Reading the 2023 Budget Statement and Economic Policy, Ofori Atta assured that the government was nevertheless bent on bringing debt to sustainable levels over the medium to long term.

“To this end, we will implement a debt exchange programme to address the challenges identified in the portfolio in collaboration with all relevant stakeholders including the Ghanaian public, the investor community and development partners.”

As part of measures for macro-economic stability, the government says it will aggressively mobilise domestic revenue; streamline and rationalise expenditures; Boost local productive capacity; Promote and diversify exports; Protect the poor and vulnerable; Expand digital and climate-responsive physical infrastructure; and Implement structural and public sector reforms.

For Mobilisation Of Domestic Revenue the government will increase the VAT rate by 2.5 per cent; Fast-track the implementation of the Unified Property Rate Platform programme in 2023; and review the E-Levy Act and more specifically, reduce the headline rate from 1.5% to one per cent (1%) of the transaction value as well as the removal of the daily threshold.

Aside from the Debt Exchange Programme, he said, the Government will strengthen its oversight of all State-ownmed-Enterprises, in particular, financial and energy sectors to ensure reforms and discipline to reduce potential fiscal risks from incidence of contingent liabilities.

Furthermore, he said the government will opt for concessional loans.

“Mr.

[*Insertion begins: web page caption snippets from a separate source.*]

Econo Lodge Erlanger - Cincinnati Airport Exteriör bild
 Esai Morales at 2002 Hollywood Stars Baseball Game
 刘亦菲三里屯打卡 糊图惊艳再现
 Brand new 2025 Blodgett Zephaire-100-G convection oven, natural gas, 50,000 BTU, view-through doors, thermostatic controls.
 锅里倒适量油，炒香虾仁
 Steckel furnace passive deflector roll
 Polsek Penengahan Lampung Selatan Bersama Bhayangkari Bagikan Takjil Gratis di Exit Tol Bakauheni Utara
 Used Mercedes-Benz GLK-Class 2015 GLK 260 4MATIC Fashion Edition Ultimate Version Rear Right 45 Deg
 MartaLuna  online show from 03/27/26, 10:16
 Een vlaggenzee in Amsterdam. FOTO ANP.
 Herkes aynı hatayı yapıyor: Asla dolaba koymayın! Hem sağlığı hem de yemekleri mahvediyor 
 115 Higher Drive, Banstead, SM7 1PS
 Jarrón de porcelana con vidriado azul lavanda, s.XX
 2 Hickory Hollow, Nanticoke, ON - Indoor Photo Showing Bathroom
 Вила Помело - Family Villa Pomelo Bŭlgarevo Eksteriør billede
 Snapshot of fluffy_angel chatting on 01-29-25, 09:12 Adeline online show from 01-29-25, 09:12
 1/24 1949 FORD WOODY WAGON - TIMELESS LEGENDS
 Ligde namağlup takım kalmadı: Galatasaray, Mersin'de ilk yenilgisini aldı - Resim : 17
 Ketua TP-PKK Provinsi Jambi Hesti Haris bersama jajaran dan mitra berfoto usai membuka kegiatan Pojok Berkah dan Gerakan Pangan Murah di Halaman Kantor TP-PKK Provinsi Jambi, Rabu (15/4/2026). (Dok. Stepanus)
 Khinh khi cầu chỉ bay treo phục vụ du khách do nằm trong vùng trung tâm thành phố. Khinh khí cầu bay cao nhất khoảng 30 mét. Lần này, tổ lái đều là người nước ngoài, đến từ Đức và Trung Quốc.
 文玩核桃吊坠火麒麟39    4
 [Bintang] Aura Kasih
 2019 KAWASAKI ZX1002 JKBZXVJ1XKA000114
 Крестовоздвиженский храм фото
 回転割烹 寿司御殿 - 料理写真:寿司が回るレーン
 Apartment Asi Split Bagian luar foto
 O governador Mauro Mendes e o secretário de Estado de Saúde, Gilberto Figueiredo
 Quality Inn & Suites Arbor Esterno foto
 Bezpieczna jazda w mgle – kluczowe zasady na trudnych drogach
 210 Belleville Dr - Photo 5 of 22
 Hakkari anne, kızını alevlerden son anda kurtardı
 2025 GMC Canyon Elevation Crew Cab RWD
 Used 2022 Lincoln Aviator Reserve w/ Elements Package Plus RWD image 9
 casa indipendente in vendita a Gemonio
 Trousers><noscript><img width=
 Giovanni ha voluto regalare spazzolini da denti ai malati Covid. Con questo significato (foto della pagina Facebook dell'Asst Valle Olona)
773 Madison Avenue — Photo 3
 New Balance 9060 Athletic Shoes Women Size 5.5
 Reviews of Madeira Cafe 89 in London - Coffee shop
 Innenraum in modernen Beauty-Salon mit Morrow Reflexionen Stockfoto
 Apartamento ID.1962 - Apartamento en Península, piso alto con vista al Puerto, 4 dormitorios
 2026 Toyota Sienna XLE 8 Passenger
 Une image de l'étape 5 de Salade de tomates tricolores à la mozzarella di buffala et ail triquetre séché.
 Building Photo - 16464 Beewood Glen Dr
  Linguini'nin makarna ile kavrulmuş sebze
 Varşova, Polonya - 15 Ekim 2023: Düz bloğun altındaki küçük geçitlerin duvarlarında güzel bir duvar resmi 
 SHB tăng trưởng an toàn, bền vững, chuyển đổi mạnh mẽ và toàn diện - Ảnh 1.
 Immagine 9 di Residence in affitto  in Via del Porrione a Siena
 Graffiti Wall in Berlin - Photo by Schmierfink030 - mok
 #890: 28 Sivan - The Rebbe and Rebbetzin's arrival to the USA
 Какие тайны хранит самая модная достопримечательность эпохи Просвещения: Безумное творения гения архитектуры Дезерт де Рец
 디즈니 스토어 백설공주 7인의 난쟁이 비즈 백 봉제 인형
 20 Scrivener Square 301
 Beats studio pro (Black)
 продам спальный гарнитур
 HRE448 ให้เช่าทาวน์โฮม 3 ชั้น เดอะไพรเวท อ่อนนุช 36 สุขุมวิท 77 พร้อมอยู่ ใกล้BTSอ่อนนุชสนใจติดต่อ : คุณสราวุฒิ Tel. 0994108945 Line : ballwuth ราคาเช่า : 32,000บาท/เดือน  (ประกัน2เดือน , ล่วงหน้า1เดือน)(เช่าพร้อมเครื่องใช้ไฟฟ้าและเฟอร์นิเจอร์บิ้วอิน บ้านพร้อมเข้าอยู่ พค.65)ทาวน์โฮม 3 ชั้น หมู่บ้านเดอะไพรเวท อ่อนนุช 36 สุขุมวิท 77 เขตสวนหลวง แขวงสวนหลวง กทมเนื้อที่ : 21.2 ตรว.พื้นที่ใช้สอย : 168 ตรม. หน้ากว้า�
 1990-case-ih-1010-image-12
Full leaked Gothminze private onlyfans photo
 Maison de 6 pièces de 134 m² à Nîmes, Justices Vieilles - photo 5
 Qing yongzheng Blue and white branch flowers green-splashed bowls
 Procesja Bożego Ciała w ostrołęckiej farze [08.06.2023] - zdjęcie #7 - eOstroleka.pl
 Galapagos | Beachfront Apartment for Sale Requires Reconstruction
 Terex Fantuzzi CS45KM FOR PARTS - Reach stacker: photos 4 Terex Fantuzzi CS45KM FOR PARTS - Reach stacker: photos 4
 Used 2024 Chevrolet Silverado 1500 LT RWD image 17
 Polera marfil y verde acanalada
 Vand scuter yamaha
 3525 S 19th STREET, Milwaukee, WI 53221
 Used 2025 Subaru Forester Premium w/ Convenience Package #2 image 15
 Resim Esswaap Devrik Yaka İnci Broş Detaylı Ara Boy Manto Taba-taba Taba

Speaker, in line with our objective to restore debt sustainability, concessional loans will continue to be the preferred financing option for projects. We, however, recognize that there may be cases where non-concessional borrowing may be required to finance critical transformative projects. Such financing will be determined within limits that are consistent with our debt sustainability programme.”

Based on the estimates for Total Revenue and Grants and Total Expenditure (including arrears clearance), the overall Budget balance to be financed in 2023 is a fiscal deficit of GH¢61,475 million, equivalent to 7.7 percent of GDP. The corresponding Primary balance is a deficit of GH¢8,925 million, equivalent to 1.1 percent of GDP.